Porque é associado a uma alimentação equilibrada?

Quando comparado com frutos mais ricos em açúcar, o chilto tem um valor energético reduzido e reúne acidez, água e fibras na mesma polpa. Assim, pode integrar regimes alimentares diversificados sem exigir preparações pesadas ou excessivamente açucaradas.

Apesar da reputação de fruto funcional, os seus benefícios devem ser encarados com rigor. O chilto pode tornar a alimentação mais rica graças ao seu perfil nutricional, mas não substitui acompanhamento médico nem resolve, por si só, situações como diabetes, colesterol elevado ou tensão arterial alta.

Como é utilizado o chilto na gastronomia regional?

Na culinária do norte da Argentina e em várias regiões andinas, o chilto é usado tanto em receitas doces como salgadas. A acidez do fruto ajuda a equilibrar a gordura de carnes, queijos e pratos fumados, enquanto o seu aroma intenso resulta bem em bebidas e sobremesas.

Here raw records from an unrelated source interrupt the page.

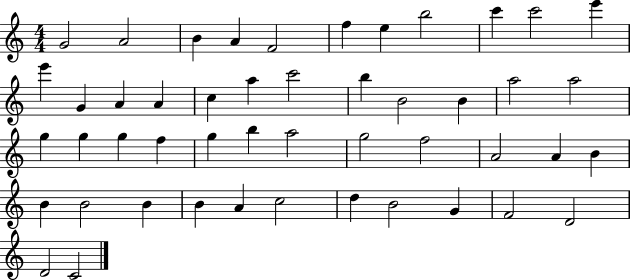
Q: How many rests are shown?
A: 0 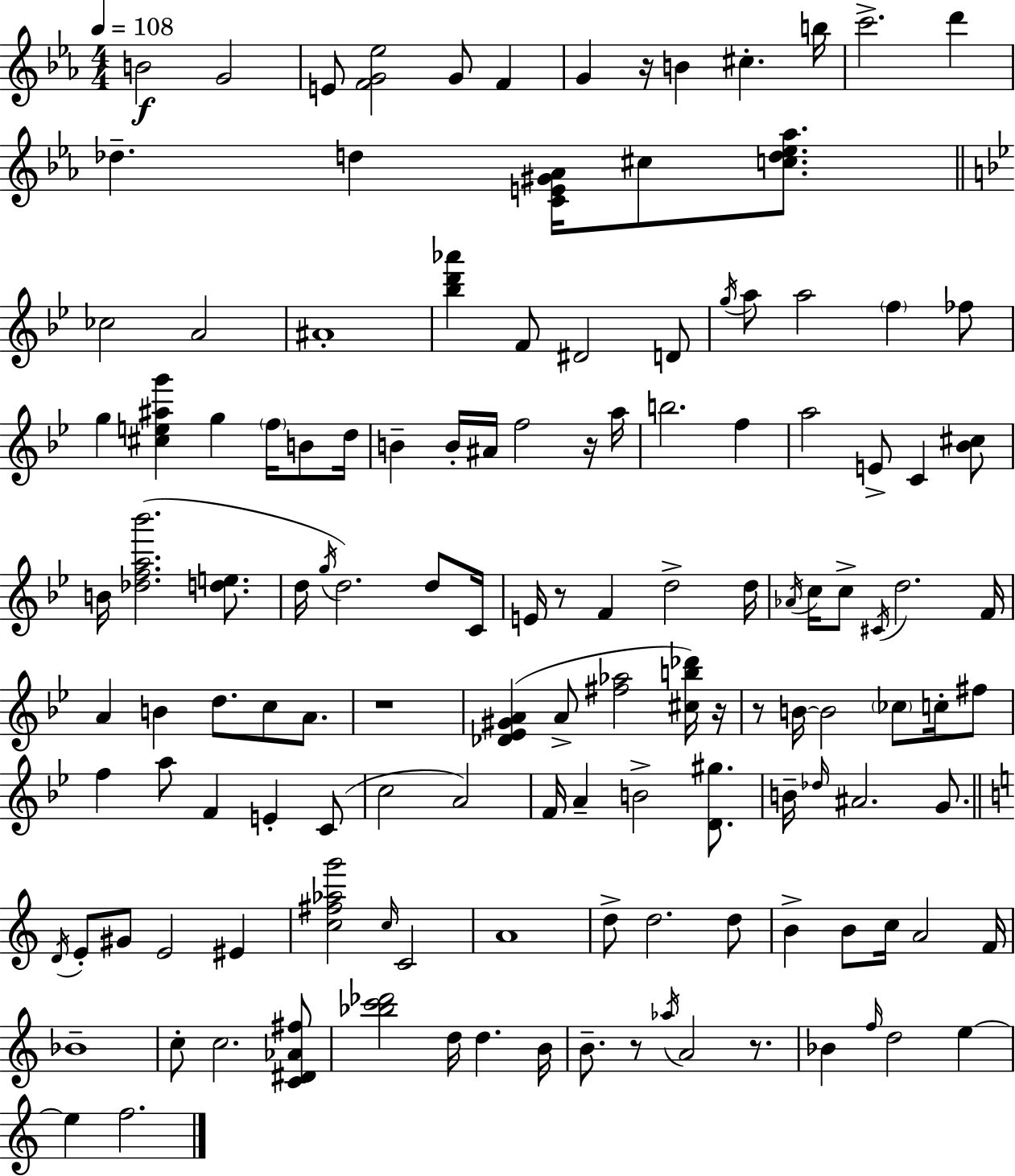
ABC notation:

X:1
T:Untitled
M:4/4
L:1/4
K:Cm
B2 G2 E/2 [FG_e]2 G/2 F G z/4 B ^c b/4 c'2 d' _d d [CE^G_A]/4 ^c/2 [cd_e_a]/2 _c2 A2 ^A4 [_bd'_a'] F/2 ^D2 D/2 g/4 a/2 a2 f _f/2 g [^ce^ag'] g f/4 B/2 d/4 B B/4 ^A/4 f2 z/4 a/4 b2 f a2 E/2 C [_B^c]/2 B/4 [_dfa_b']2 [de]/2 d/4 g/4 d2 d/2 C/4 E/4 z/2 F d2 d/4 _A/4 c/4 c/2 ^C/4 d2 F/4 A B d/2 c/2 A/2 z4 [_D_E^GA] A/2 [^f_a]2 [^cb_d']/4 z/4 z/2 B/4 B2 _c/2 c/4 ^f/2 f a/2 F E C/2 c2 A2 F/4 A B2 [D^g]/2 B/4 _d/4 ^A2 G/2 D/4 E/2 ^G/2 E2 ^E [c^f_ag']2 c/4 C2 A4 d/2 d2 d/2 B B/2 c/4 A2 F/4 _B4 c/2 c2 [C^D_A^f]/2 [_bc'_d']2 d/4 d B/4 B/2 z/2 _a/4 A2 z/2 _B f/4 d2 e e f2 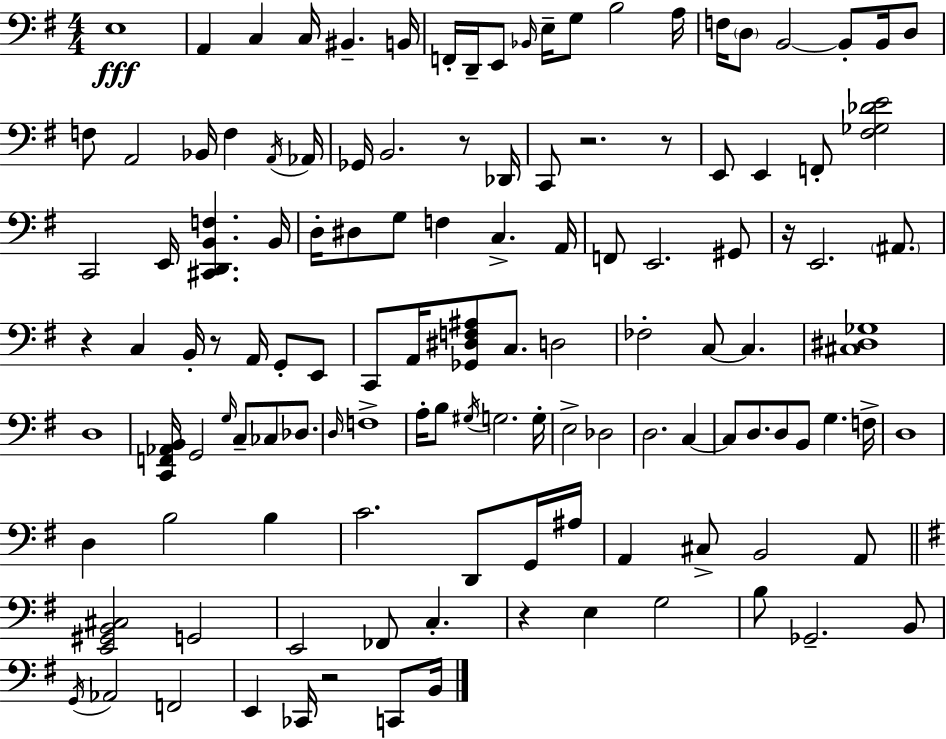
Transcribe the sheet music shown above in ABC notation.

X:1
T:Untitled
M:4/4
L:1/4
K:Em
E,4 A,, C, C,/4 ^B,, B,,/4 F,,/4 D,,/4 E,,/2 _B,,/4 E,/4 G,/2 B,2 A,/4 F,/4 D,/2 B,,2 B,,/2 B,,/4 D,/2 F,/2 A,,2 _B,,/4 F, A,,/4 _A,,/4 _G,,/4 B,,2 z/2 _D,,/4 C,,/2 z2 z/2 E,,/2 E,, F,,/2 [^F,_G,_DE]2 C,,2 E,,/4 [^C,,D,,B,,F,] B,,/4 D,/4 ^D,/2 G,/2 F, C, A,,/4 F,,/2 E,,2 ^G,,/2 z/4 E,,2 ^A,,/2 z C, B,,/4 z/2 A,,/4 G,,/2 E,,/2 C,,/2 A,,/4 [_G,,^D,F,^A,]/2 C,/2 D,2 _F,2 C,/2 C, [^C,^D,_G,]4 D,4 [C,,F,,_A,,B,,]/4 G,,2 G,/4 C,/2 _C,/2 _D,/2 D,/4 F,4 A,/4 B,/2 ^G,/4 G,2 G,/4 E,2 _D,2 D,2 C, C,/2 D,/2 D,/2 B,,/2 G, F,/4 D,4 D, B,2 B, C2 D,,/2 G,,/4 ^A,/4 A,, ^C,/2 B,,2 A,,/2 [E,,^G,,B,,^C,]2 G,,2 E,,2 _F,,/2 C, z E, G,2 B,/2 _G,,2 B,,/2 G,,/4 _A,,2 F,,2 E,, _C,,/4 z2 C,,/2 B,,/4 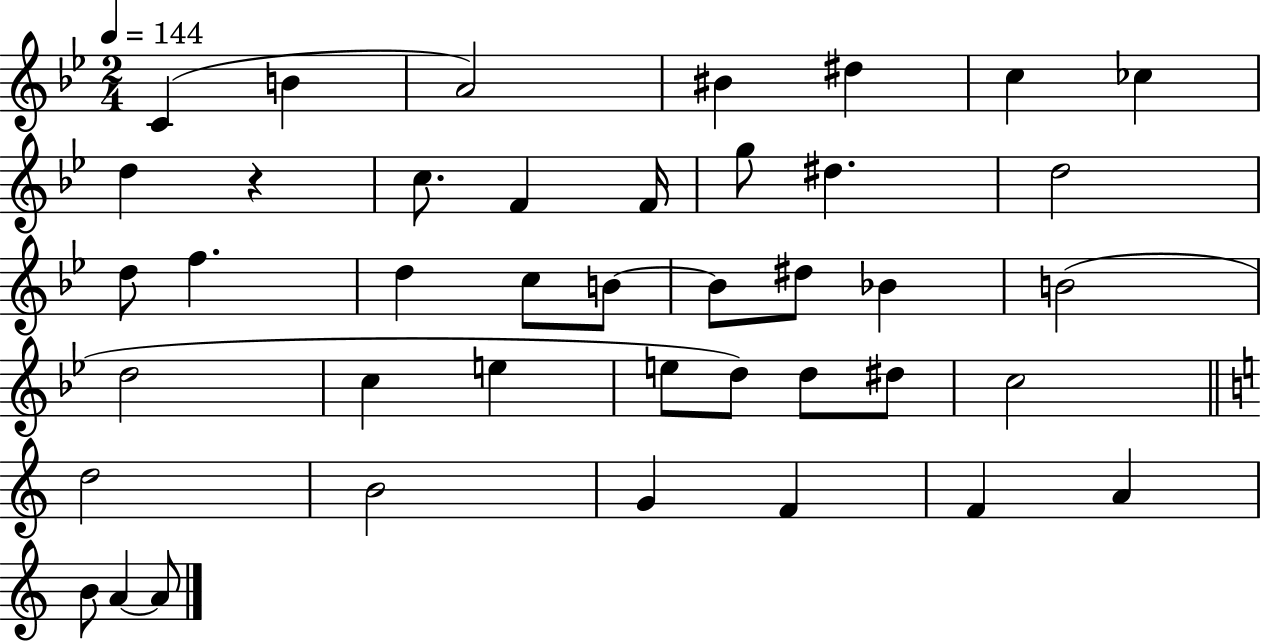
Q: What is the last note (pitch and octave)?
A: A4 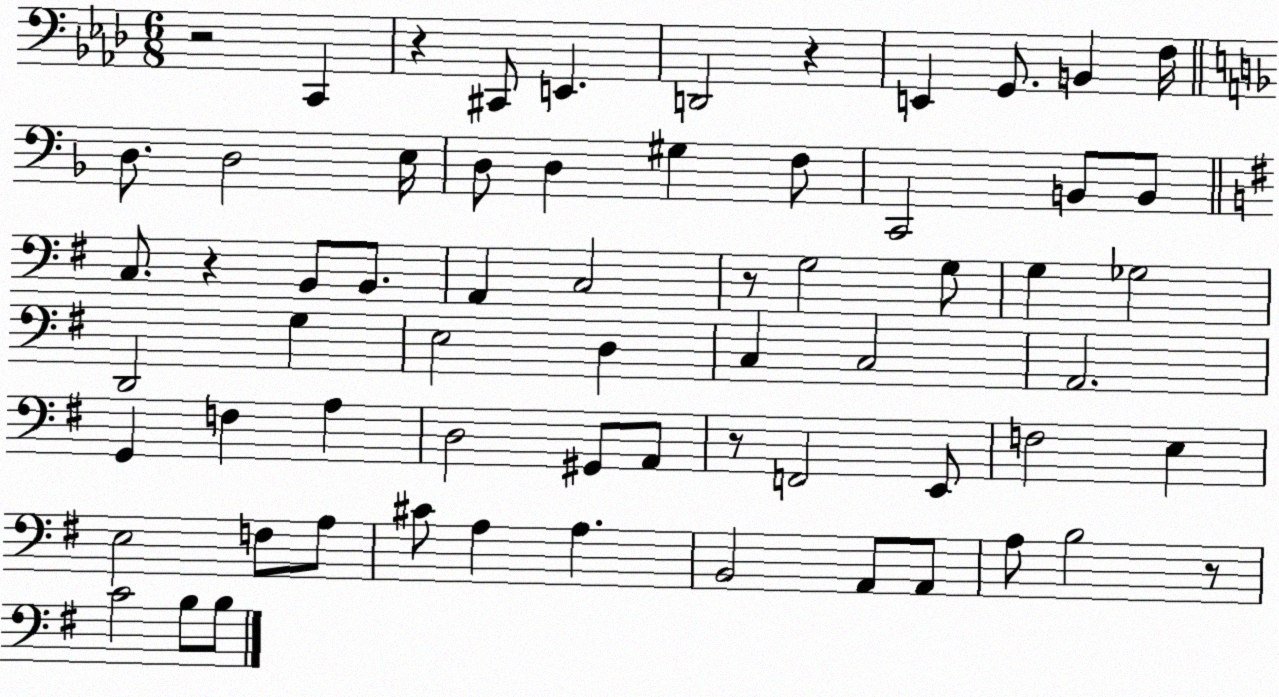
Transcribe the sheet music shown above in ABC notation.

X:1
T:Untitled
M:6/8
L:1/4
K:Ab
z2 C,, z ^C,,/2 E,, D,,2 z E,, G,,/2 B,, F,/4 D,/2 D,2 E,/4 D,/2 D, ^G, F,/2 C,,2 B,,/2 B,,/2 C,/2 z B,,/2 B,,/2 A,, C,2 z/2 G,2 G,/2 G, _G,2 D,,2 G, E,2 D, C, C,2 A,,2 G,, F, A, D,2 ^G,,/2 A,,/2 z/2 F,,2 E,,/2 F,2 E, E,2 F,/2 A,/2 ^C/2 A, A, B,,2 A,,/2 A,,/2 A,/2 B,2 z/2 C2 B,/2 B,/2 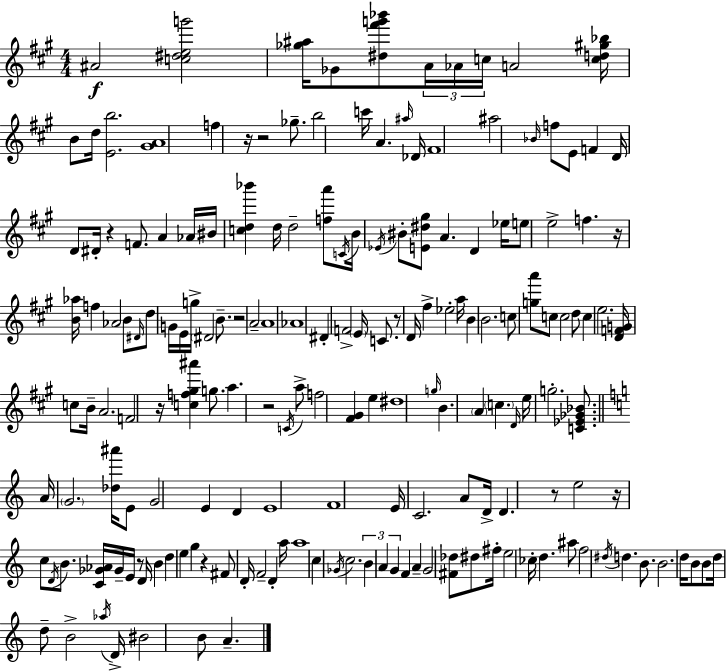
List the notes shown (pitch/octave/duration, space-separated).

A#4/h [C5,D#5,E5,G6]/h [Gb5,A#5]/s Gb4/e [D#5,F#6,G6,Bb6]/e A4/s Ab4/s C5/s A4/h [C5,D5,G#5,Bb5]/s B4/e D5/s [E4,B5]/h. [G#4,A4]/w F5/q R/s R/h Gb5/e. B5/h C6/s A4/q. A#5/s Db4/s F#4/w A#5/h Bb4/s F5/e E4/e F4/q D4/s D4/e D#4/s R/q F4/e. A4/q Ab4/s BIS4/s [C5,D5,Bb6]/q D5/s D5/h [F5,A6]/e C4/s B4/s Eb4/s BIS4/e [E4,D#5,G#5]/e A4/q. D4/q Eb5/s E5/e E5/h F5/q. R/s [B4,Ab5]/s F5/q Ab4/h B4/e D#4/s D5/e G4/s E4/s G5/s D#4/h B4/e. R/h A4/h A4/w Ab4/w D#4/q F4/h E4/s C4/e. R/e D4/s F#5/q Eb5/h A5/s B4/q B4/h. C5/e [G5,A6]/e C5/e C5/h D5/e C5/q E5/h. [D4,F4,G4]/s C5/e B4/s A4/h. F4/h R/s [C5,F5,G#5,A#6]/q G5/e. A5/q. R/h C4/s A5/e F5/h [F#4,G#4]/q E5/q D#5/w G5/s B4/q. A4/q C5/q. D4/s E5/s G5/h. [C4,Eb4,Gb4,Bb4]/e. A4/s G4/h. [Db5,A#6]/s E4/e G4/h E4/q D4/q E4/w F4/w E4/s C4/h. A4/e D4/s D4/q. R/e E5/h R/s C5/e D4/s B4/e. [C4,Gb4,Ab4]/s Gb4/s E4/s R/e D4/s B4/q D5/q E5/q G5/q R/q F#4/e D4/s F4/h D4/q A5/s A5/w C5/q Gb4/s C5/h. B4/q A4/q G4/q F4/q A4/q G4/h [F#4,Db5]/e D#5/e F#5/s E5/h CES5/s D5/q. A#5/e F5/h D#5/s D5/q. B4/e. B4/h. D5/s B4/e B4/e D5/s D5/e B4/h Ab5/s D4/s BIS4/h B4/e A4/q. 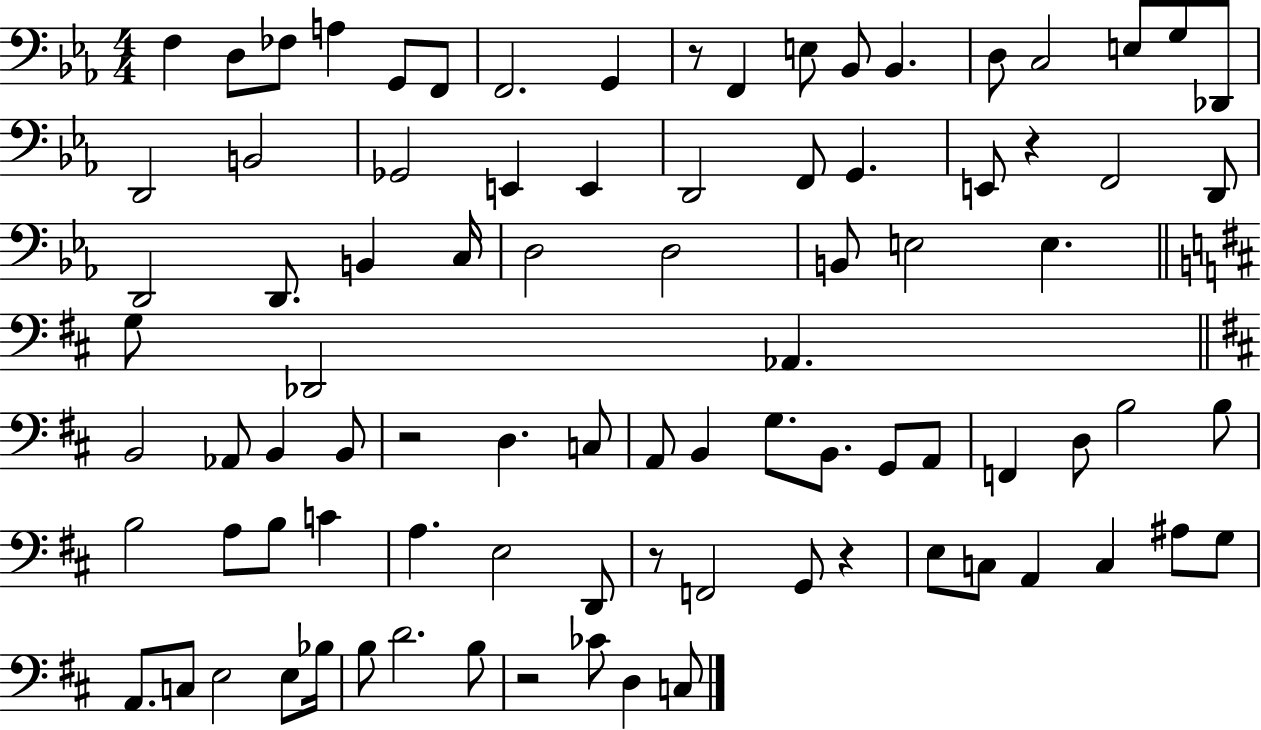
X:1
T:Untitled
M:4/4
L:1/4
K:Eb
F, D,/2 _F,/2 A, G,,/2 F,,/2 F,,2 G,, z/2 F,, E,/2 _B,,/2 _B,, D,/2 C,2 E,/2 G,/2 _D,,/2 D,,2 B,,2 _G,,2 E,, E,, D,,2 F,,/2 G,, E,,/2 z F,,2 D,,/2 D,,2 D,,/2 B,, C,/4 D,2 D,2 B,,/2 E,2 E, G,/2 _D,,2 _A,, B,,2 _A,,/2 B,, B,,/2 z2 D, C,/2 A,,/2 B,, G,/2 B,,/2 G,,/2 A,,/2 F,, D,/2 B,2 B,/2 B,2 A,/2 B,/2 C A, E,2 D,,/2 z/2 F,,2 G,,/2 z E,/2 C,/2 A,, C, ^A,/2 G,/2 A,,/2 C,/2 E,2 E,/2 _B,/4 B,/2 D2 B,/2 z2 _C/2 D, C,/2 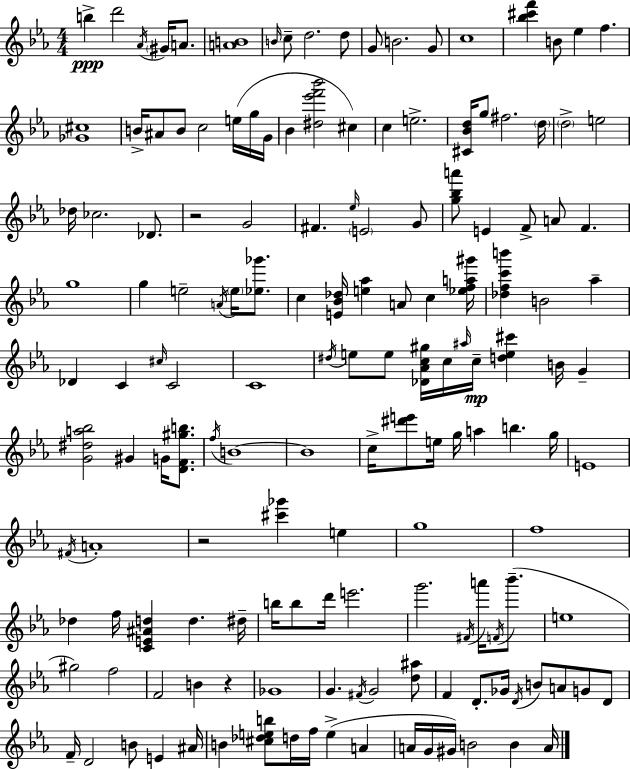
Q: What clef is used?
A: treble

  • Molhos para carnes assadas, carnes fumadas e pratos com queijo de cabra.
  • Compotas e doces de fruta para pão, bolos simples e tábuas regionais.
  • Sumos, gelados, bebidas artesanais e fermentados.
  • Chutneys e molhos ácidos para acompanhar preparações típicas do noroeste argentino.

O valor regional de um fruto ainda pouco conhecido

O chilto combina um sabor vincado, identidade andina e potencial económico para pequenos circuitos de produção. Em Jujuy e Salta, a sua presença em feiras e cozinhas sazonais demonstra como os ingredientes locais podem conquistar mercado quando chegam à mesa com história e produção artesanal.

Para quem o experimenta pela primeira vez, o interesse reside no equilíbrio entre acidez e doçura. Para quem o cultiva e cozinha, este fruto abre uma via de valorização regional: transforma uma espécie ainda pouco conhecida em ingrediente para molhos, compotas, bebidas e receitas ligadas ao território.